А сколько разоблаченных доносчиков и клеветников ныне преспокойно живут и поживают, и все при встрече раскланиваются с ними, приветливо улыбаются, руку жмут. Бойкот и остракизм по отношению к таким личностям не приняты в советском обществе. Чего там! Литературовед Я. Эльсберг, в свое время погубивший не одного писателя и официально разоблаченный литературной общественностью, сейчас – почтенный, уважаемый автор. Я читал в «Литературной газете» его пространные статьи о коммунистической морали, о новом человеке. Товарищ ходит с поднятой головой: он проявлял бдительность, хвала ему.
А мало ли у нас таких эльсбергов?
Только у одного Александра Фадеева42 хватило порядочности и мужества застрелиться, когда начали возвращаться из тюрем и лагерей реабилитированные писатели – те, кто уцелел, – арест которых в свое время он вынужден был санкционировать в качестве генерального секретаря Союза писателей.
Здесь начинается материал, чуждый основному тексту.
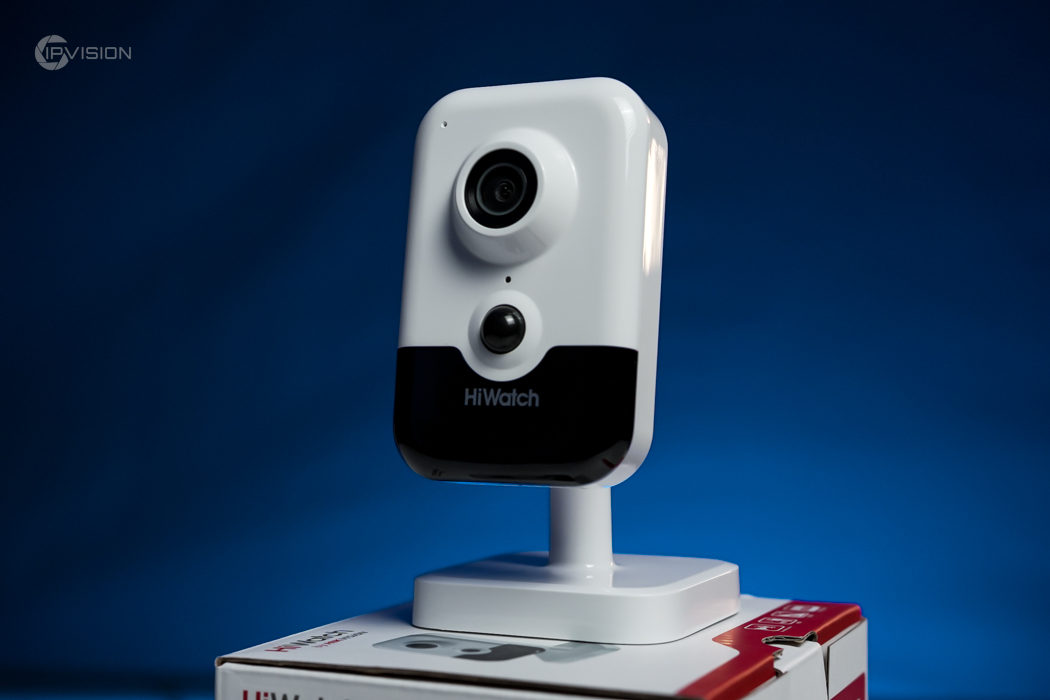 Камера видеонаблюдения с EXIR-подсветкой до 10 м, 2Мп, микрофонм и динамиком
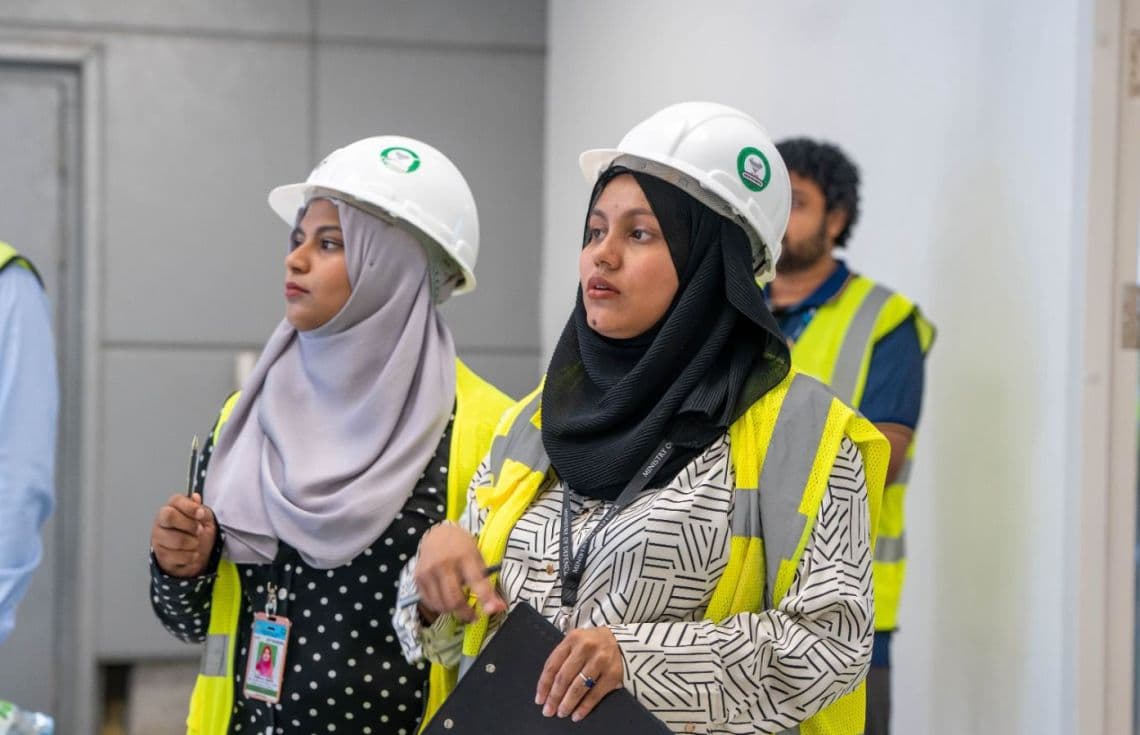 ވީއައިއޭގެ އާ ޓާމިނަލްގެ ސަލާމަތީ ކަންކަމުގެ އިންސްޕެކްޝަންތައް ޑާސާގެ މުވައްޒަފުން ކުރަނީ / ފޮޓޯ: އެމްއޭސީއެލް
Александр Дюма написал бессмертный роман о том, как невинно осужденный расправляется после со своими клеветниками, и эту книгу будут читать еще десятки лет. Для такой расправы Дантес должен был превратиться в графа Монте-Кристо, владельца несметных богатств. Но то, о чем пишет Дюма, произошло во Франции 30-х годов XIX века, а не в Советском Союзе.
Вчерашний лагерник, политический преступник, еще не оправданный изгой, я был совершенно бессилен, беспомощен и фактически ничего не мог сделать при такой встрече.
Фрагменты писем Д. Фибиха к матери из лагеря
Отдел рукописей ИМЛИ, фонд 242, оп. 3, № 3, 5
16 мая 1944 г. Бурма. Караганда
Дорогая, любимая, бедная моя мамочка!
Пишу и не знаю, где ты и как ты. Прости за вынужденное молчание – обстоятельства вынуждают.